A primeira é a de restringir a concorrência dos genéricos. É axiomático que mais concorrência significa preços mais baixos. Quando as empresas têm de lutar para conquistar mais consumidores, acabam tendo que cortar seus preços. Quando uma patente expira, qualquer empresa pode entrar no mercado com uma versão genérica de um medicamento. As diferenças de preços entre medicamentos de marca e medicamentos genéricos são assombrosas. A simples disponibilidade de genéricos impulsiona os preços para baixo: na Índia, país “amigo” dos genéricos, por exemplo, a Gilead Sciences, que produz uma droga eficaz contra a hepatite C, anunciou recentemente que iria vender a droga por um pouco mais de 1 por cento do 84.000 dólares que cobra nos EEUU.

É por isso que, quando os Estados Unidos abriram seu mercado interno para os genéricos, em 1984, eles passaram de 19 por cento das prescrições para 86 por cento, permitindo que o Governo dos Estados Unidos, os consumidores e os empregadores economizassem mais de US $ 100 bilhões por ano. As empresas farmacêuticas têm muito a ganhar se o TPP limitar a venda de genéricos.
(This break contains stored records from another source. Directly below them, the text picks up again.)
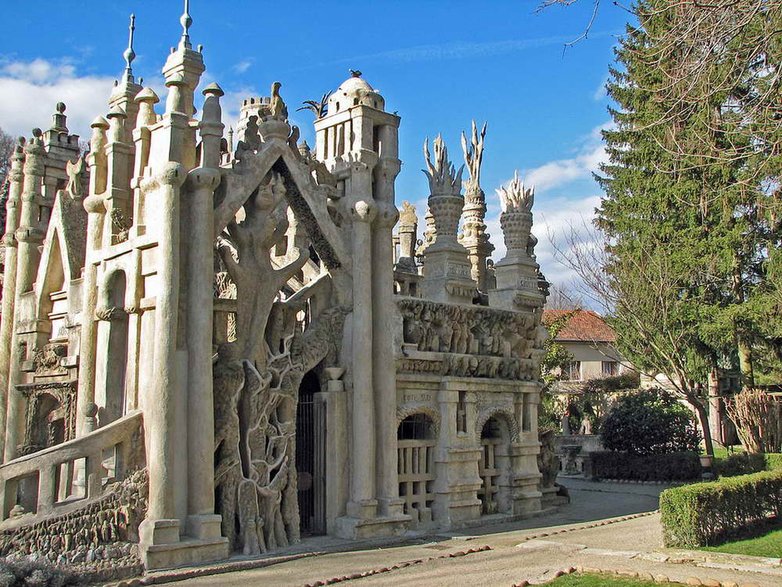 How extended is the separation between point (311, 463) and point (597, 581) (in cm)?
596

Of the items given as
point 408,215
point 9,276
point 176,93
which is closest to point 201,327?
point 176,93

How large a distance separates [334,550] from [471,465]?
171 inches

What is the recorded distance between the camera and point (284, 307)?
14.6 metres

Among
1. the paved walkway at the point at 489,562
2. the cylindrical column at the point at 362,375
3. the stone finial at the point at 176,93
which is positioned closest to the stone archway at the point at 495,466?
the paved walkway at the point at 489,562

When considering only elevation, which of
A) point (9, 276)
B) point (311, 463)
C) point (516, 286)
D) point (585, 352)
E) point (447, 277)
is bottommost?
point (311, 463)

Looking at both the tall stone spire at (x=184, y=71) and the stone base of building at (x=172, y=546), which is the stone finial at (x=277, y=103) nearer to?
the tall stone spire at (x=184, y=71)

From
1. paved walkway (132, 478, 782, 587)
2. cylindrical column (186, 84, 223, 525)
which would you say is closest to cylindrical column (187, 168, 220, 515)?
cylindrical column (186, 84, 223, 525)

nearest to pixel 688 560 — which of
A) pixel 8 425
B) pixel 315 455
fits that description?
pixel 315 455

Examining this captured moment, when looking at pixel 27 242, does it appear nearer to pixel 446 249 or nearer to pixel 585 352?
pixel 446 249

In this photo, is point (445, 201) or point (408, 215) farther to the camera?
point (408, 215)

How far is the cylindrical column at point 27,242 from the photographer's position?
1769cm

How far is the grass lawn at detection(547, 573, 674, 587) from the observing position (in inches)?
428

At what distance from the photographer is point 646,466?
27.2m

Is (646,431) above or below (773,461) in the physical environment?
above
A segunda estratégia é minar a regulamentação governamental dos preços dos medicamentos. Mais concorrência não é a única maneira de manter baixos os preços de bens e serviços essenciais. Os governos também podem restringir diretamente os preços através das leis [regulamentação], ou efetivamente contê-los ao negar o reembolso aos pacientes para as drogas "superfaturadas" - incentivando assim as empresas a reduzir seus preços aos níveis aprovados pelos instâncias reguladoras. Estas abordagens regulatórias são especialmente importantes em mercados onde a concorrência é limitada, como é o caso do mercado de drogas. Se o Trade Representative persistir em sua “estratégia”, o TPP vai limitar a capacidade dos países parceiros em restringir os preços. E as empresas farmacêuticas certamente esperam que o "padrão" que elas ajudarão a definir neste acordo se tornará mundial - por exemplo, ao tornar-se o ponto de partida para as negociações dos Estados Unidos com a União Europeia sobre as mesmas questões.
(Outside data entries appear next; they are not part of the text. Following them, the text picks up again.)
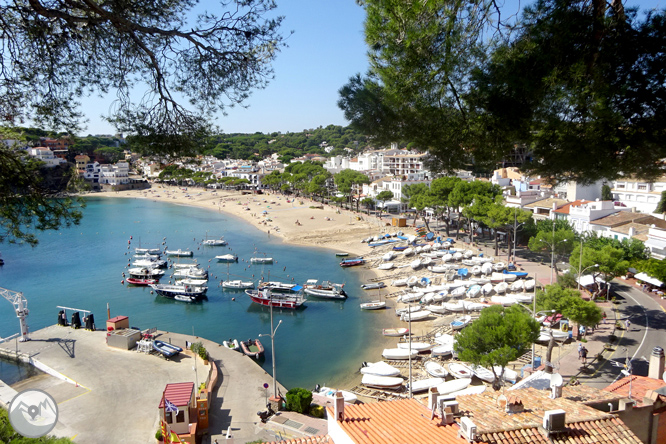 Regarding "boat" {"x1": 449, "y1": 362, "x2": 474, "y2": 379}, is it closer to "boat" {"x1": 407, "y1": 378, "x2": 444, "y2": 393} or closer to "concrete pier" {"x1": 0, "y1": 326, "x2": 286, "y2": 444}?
"boat" {"x1": 407, "y1": 378, "x2": 444, "y2": 393}

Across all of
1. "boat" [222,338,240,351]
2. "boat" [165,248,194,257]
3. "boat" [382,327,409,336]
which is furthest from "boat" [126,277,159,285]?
"boat" [382,327,409,336]

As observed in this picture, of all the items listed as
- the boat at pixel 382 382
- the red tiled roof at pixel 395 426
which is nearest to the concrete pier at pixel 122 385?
the boat at pixel 382 382

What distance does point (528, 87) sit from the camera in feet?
17.4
Os americanos podem dar de ombros diante da perspectiva de aumento dos preços dos medicamentos em todo o mundo. Afinal de contas, os Estados Unidos já permitem que as empresas farmacêuticas cobrem o que querem. Mas isso não significa que não podem querer mudar as coisas um dia. Aqui, novamente, o TPP nos encurralado: Os acordos comerciais e, em particular, disposições individuais dentro deles, são geralmente muito mais difíceis de ser alterados do que as leis nacionais.
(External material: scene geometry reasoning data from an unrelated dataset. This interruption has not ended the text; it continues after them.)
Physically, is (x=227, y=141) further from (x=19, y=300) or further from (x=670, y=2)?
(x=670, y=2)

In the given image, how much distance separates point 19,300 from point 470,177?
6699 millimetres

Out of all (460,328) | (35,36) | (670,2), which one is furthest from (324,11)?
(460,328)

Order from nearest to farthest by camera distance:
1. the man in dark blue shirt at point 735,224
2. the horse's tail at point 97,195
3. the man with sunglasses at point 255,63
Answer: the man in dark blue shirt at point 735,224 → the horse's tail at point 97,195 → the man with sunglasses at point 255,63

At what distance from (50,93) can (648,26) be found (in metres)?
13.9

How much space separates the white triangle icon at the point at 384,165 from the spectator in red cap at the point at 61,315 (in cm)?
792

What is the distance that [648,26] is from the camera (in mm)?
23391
Nós não podemos ter certeza de que estas coisas tenham ocorrido durante as negociações desta semana. O que está claro é que o sentido geral da seção de propriedade intelectual da TPP aponta para menos concorrência e preços mais elevados de drogas. Os efeitos vão além dos 12 países da TPP. A aprovação de barreiras à genéricos no Pacífico vão colocar pressão sobre os produtores de tais drogas em outros países, como a Índia.

Naturalmente, as empresas farmacêuticas alegam precisar cobrar preços elevados para financiar suas pesquisas e desenvolvimento. Isso simplesmente não é assim. Por um lado, as empresas farmacêuticas gastam mais em marketing e publicidade do que em novas ideias. Os direitos de propriedade intelectual com valores excessivos e restritivos, na realidade retardam novas descobertas, por tornar mais difícil para cientistas reproduzirem a pesquisa de outros e por asfixiar o intercâmbio de ideias que é fundamental para a inovação. De fato, a maioria das inovações importantes saem das nossas universidades e centros de pesquisa, como os Institutos Nacionais de Saúde, financiados pelo governo e fundações.

Os esforços para aumentar os preços dos medicamentos no TPP nos levam na direção errada. O mundo inteiro pode vir a pagar o preço na forma de pior saúde e mortes desnecessárias.

*Joseph E. Stiglitz, Prêmio Nobel de Economia, professor na Universidade de Columbia e ex-presidente do Conselho de Consultores Econômicos, é o autor de "The Price of Inequality".